The fact of the matter is, throughout history, the Church and its leaders have constantly made changes to adapt with the culture and context to make the biggest impact possible for the Kingdom of God. We see this regularly throughout Scripture as it calls us to seek the Lord, to ask for new things, to be changed by the transformation and the renewing of our minds through Christ, and to encourage and edify the church through words, servanthood and regular seasons of change (Philippians 3:13, Isaiah 43:18-19, 2 Corinthians 5:17, Jeremiah 29:11, Ephesians 4:22-32, Romans 12:2). This does not mean we change our foundational beliefs as a whole, but rather, be willing to adapt to a new way of presenting it to our culture and trusting God to help plant and grow the seed in new and exciting ways. Many times, this means listening to the cultural needs of our future leaders who are currently in our church. Sometimes this means going back to square one with each ministry and leader position to ask, “Is what we’re doing still relevant to have a church that flourishes inside and out?”

I love the way Jeremy Foster talked about vision at a recent conference,

“You’ve got to get a clear vision for your [church’s] future, so your present can produce it.”

What he’s saying here is—if you never talk about the future; if you never ponder the things of heaven and where God may be leading the church as a whole; if you never consider new ways based on your culture; if you never raise up leaders with the tools they need; if you never seek God about where to use your individual talents and abilities within the context of your church; if you never hear your pastors, leadership and staff talk excitedly about all things new on the horizon—then, you will never fully get to the place of being a unified people. It is likely that many churches will have dissension, hitting a plateau and slowly letting the flame dwindle until it is extinguished. However, if the decision is made to call people into prayer and unity, trusting each other according to their talents and abilities, embracing change and taking Kingdom minded action, we might see new, flourishing churches sprout up all across our nation.
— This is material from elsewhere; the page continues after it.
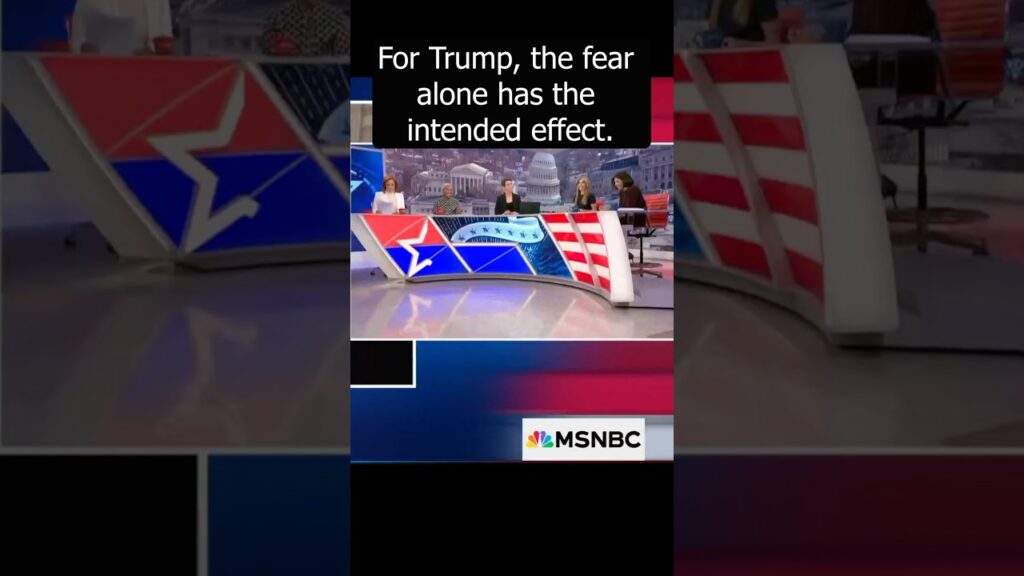 For Trump, fear is a tool where the law gets in his way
The Bible calls us repeatedly into unification as being “like-minded” and “in-one-accord” with one another. The unification within a church that has a similar heart, soul, mind, spirit, prayer, mission, vision, and strategic plan forward is where amazing things happen. It’s where we see God live and move and breathe. It’s where we abandon ourselves to our own selfish desires so that God can use us in ways more than we could ever hope, dream or imagine.
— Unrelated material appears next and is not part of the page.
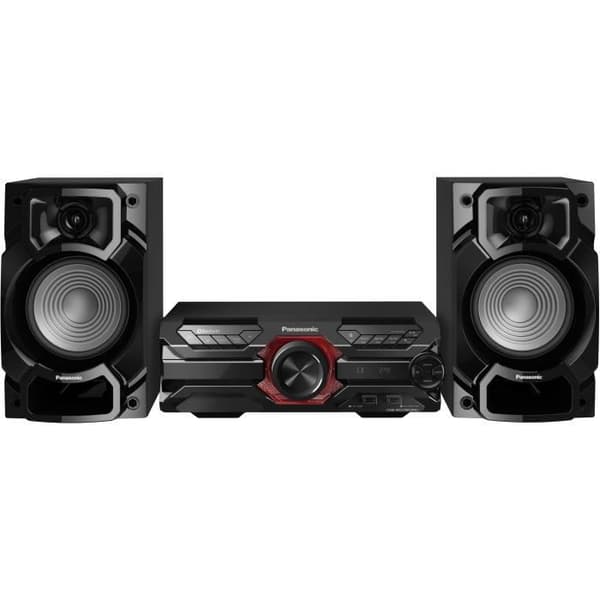 PANASONIC AKX320 - Mini Compact Hi-Fi-system - Bluetooth - 450W - Karaokefunktion, Dubbel USB - CD+FM-radio Svart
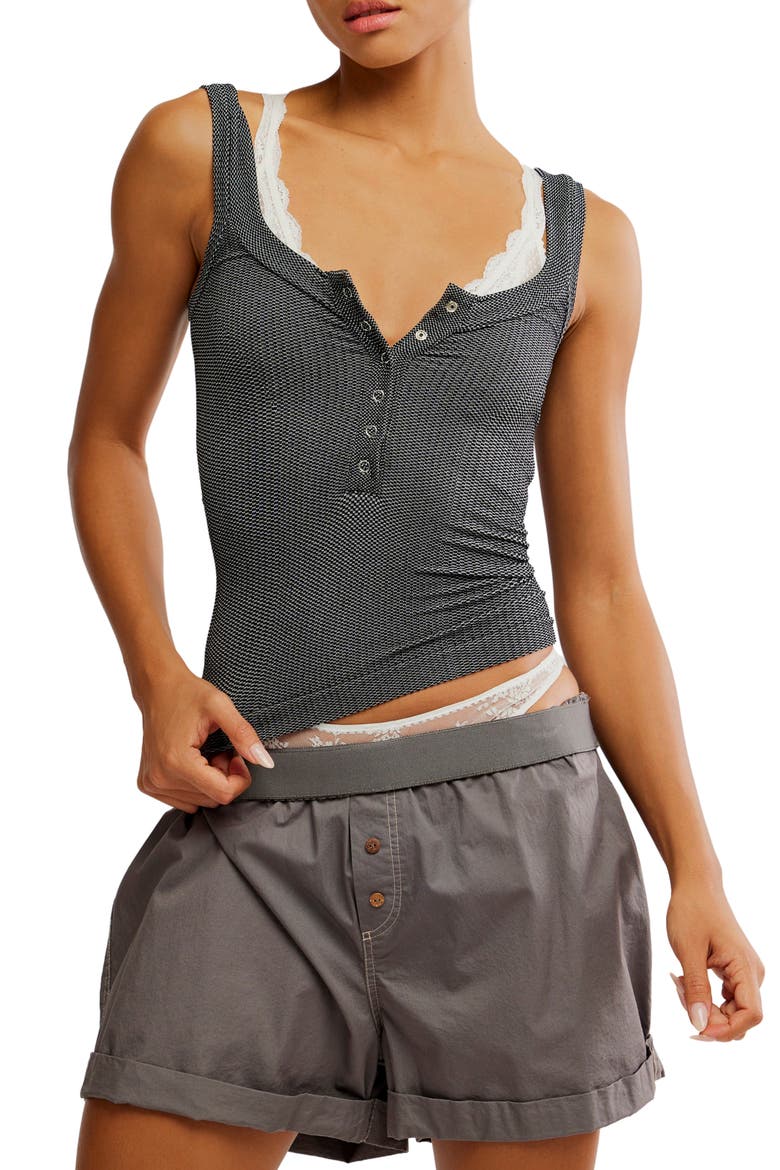 Clean Slate Tank Top, Main, color, BLACK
I personally desire to see God move in our church at Hallsville UMC. I desire to see us unified, serving each other, building relationship and lifting each other up in word and deed in the name of Jesus. I desire to see us reaching out of our comfort zones, encouraging others to do the same. I desire for us to join together to have the biggest impact in our community possible. I desire for us to seek God in every available moment so that we might be in unity with God and His direction for our church…

—but none of this happens without a people who are willing to embrace Kingdom minded changes through prayer and unity.

So I ask you to prayerfully consider your personal answers to these five questions:

  • Will you pray with me that we become unified in prayer, vision and mission as one church body?
  • Will you trust and pray for our Pastor and our church Council to take us into the next chapter of our church, whatever that may be according to God’s will?
  • Will you prayerfully consider stepping out of your comfort zones to build relationship with people within our church?
  • Will you consider using your time, gifts, talents and abilities to further the Kingdom work of the church…even when it’s not convenient?
  • Will you pray for and begin to invite those in our community to come to church with you to hear the life-giving Word of God that they may have the opportunity to give their heart fully to Christ?

I hope your answer is an emphatic yes to most, if not all of these questions. I know mine is! I truly believe the Lord will guide our steps on this process. We will see the lost found; the proud humbled; the sick healed; and our church flourish. I can’t wait!